Frühe Bildung fördert Chancengerechtigkeit
Das von der Bundesregierung in der Koalitionsvereinbarung beschlossene Betreuungsgeld setzt ein falsches Signal für sozial benachteiligte Familien. Die Auswertung einer Studie der Bertelsmann Stiftung mit Blick auf das Betreuungsgeld zeigt, dass gerade Kinder aus sozial schwachen Verhältnissen oder Zuwandererfamilien besonders vom Besuch frühkindlicher Bildungseinrichtungen profitieren. Internationale Erfahrungen belegen aber, dass die Zahlung eines Betreuungsgeldes oft dazu führt, dass Kinder aus diesen Familien zu Hause bleiben.
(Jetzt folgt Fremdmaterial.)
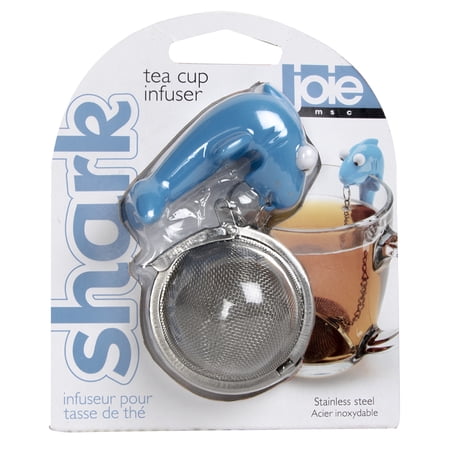 Joie Shark Tea Ball, Stainless Steel Tea Infuser with Chain, Round Tea Strainer for Loose Leaf Tea, Pack of 1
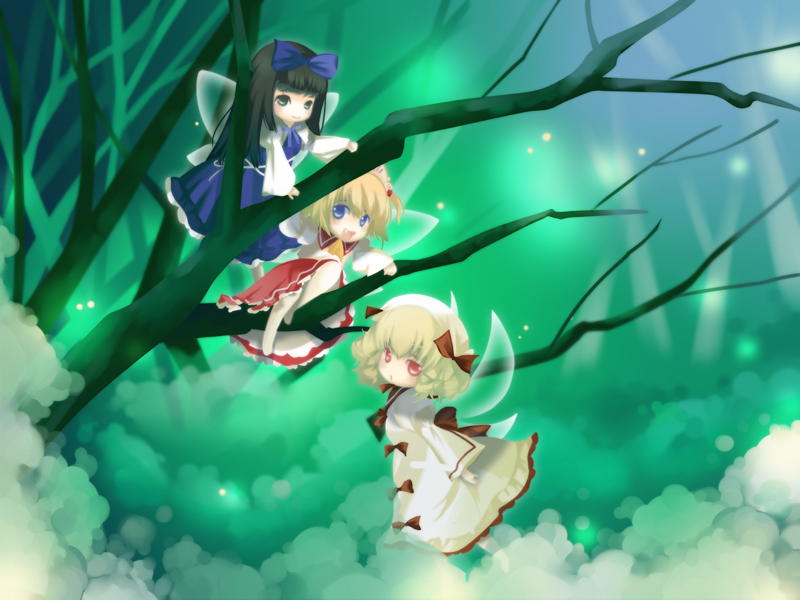 star sapphire, luna child, and sunny milk (touhou) drawn by yuge_sasatarou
Der Besuch einer Kinderkrippe für Kinder unter drei Jahren hat einen deutlichen Einfluss auf die Bildungsbiographie, wie die Untersuchung der Bertelsmann Stiftung belegt. Die Wahrscheinlichkeit, ein Gymnasium zu besuchen, erhöht sich demnach erheblich, wenn Kinder in eine Kinderkrippe gegangen sind. Besonders stark ist der Effekt für benachteiligte Kinder. Die vom „Schweizer Büro für arbeits- und sozialpolitische Studien“ (BASS) erstellte Studie untersucht die Bedeutung früher Bildung für den weiteren Bildungsweg von Kindern. Ausgangspunkt ist dabei die Frage, welchen Effekt der Krippenbesuch auf den Übergang von der Grundschule auf eine weiterführende Schule in der Sekundarstufe I (Hauptschule, Realschule oder Gymnasium) hat.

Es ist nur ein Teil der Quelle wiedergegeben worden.